The USTP alleged that McKinsey made insufficient disclosures about its clients and investments in certain entities connected with the debtors that employed McKinsey to provide financial advice on their respective bankruptcy reorganizations. Specifically, the USTP alleged in court filings that McKinsey failed to identify clients who were connected with the debtors it represented and lacked candor regarding its investments in entities that could create a conflict of interest.
“This settlement ensures that McKinsey is held accountable for its conduct,” USTP Director Cliff White said in a statement. “Transparency is the linchpin of the bankruptcy system and professionals employed in bankruptcy cases must be free of conflicts of interest.”
“McKinsey failed to satisfy its obligations under bankruptcy law and demonstrated a lack of candor with the court and USTP,” White added. “This settlement ensures that McKinsey is held to the same standards applicable to all professionals who participate in bankruptcy cases. If this conduct is repeated in future cases, we will seek even more far-reaching remedies.”
Under terms of the settlement, McKinsey agrees to pay $15 million in three bankruptcy cases to remedy inadequate disclosures of connections and to make additional disclosures. The payment will be distributed to the creditors and other parties in accordance with the reorganization plans approved by the courts or other applicable law.

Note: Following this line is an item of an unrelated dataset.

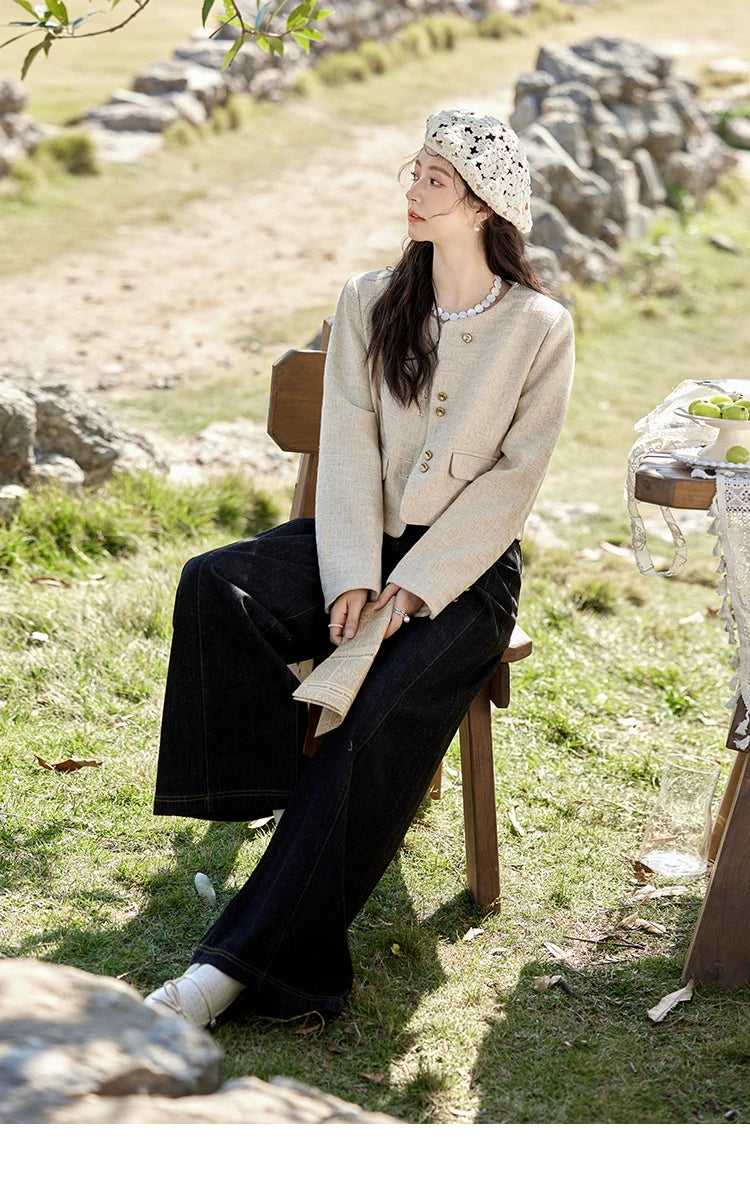 MISHOW Xiaoxiangfeng Long Sleeve Jacket Button Short Coat MXE11W0713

The USTP agreed not to bring additional actions in these and other cases based on McKinsey’s past disclosures. If facts later show that those disclosures contained material misrepresentations or omissions that would have rendered McKinsey not disinterested or otherwise disqualified from retention, then the USTP is free to seek disqualification from employment, disgorgement of fees, and other remedies in the settled cases.
The U.S. Trustee Program is a part of the Justice Department that protects the integrity of the bankruptcy system by overseeing case administration and litigating to enforce the bankruptcy laws.
Judge Marvin Isgur of the U.S. Bankruptcy Court for the Southern District of Texas oversaw the mediation of the case.
“The settlement does not opine in any way on the adequacy of McKinsey’s prior disclosures and, as Judge Isgur noted, the proposed settlement resolves ‘good faith disputes concerning the application of Bankruptcy Rule 2014.’ McKinsey has agreed to this settlement in order to move forward and focus on serving its clients.”
“In reaching the agreement, McKinsey did not admit that any of its disclosures were insufficient or noncompliant, and the settlement does not in any way constitute an admission of liability or misconduct by McKinsey or any of its employees, officers, directors or agents,” McKinsey said.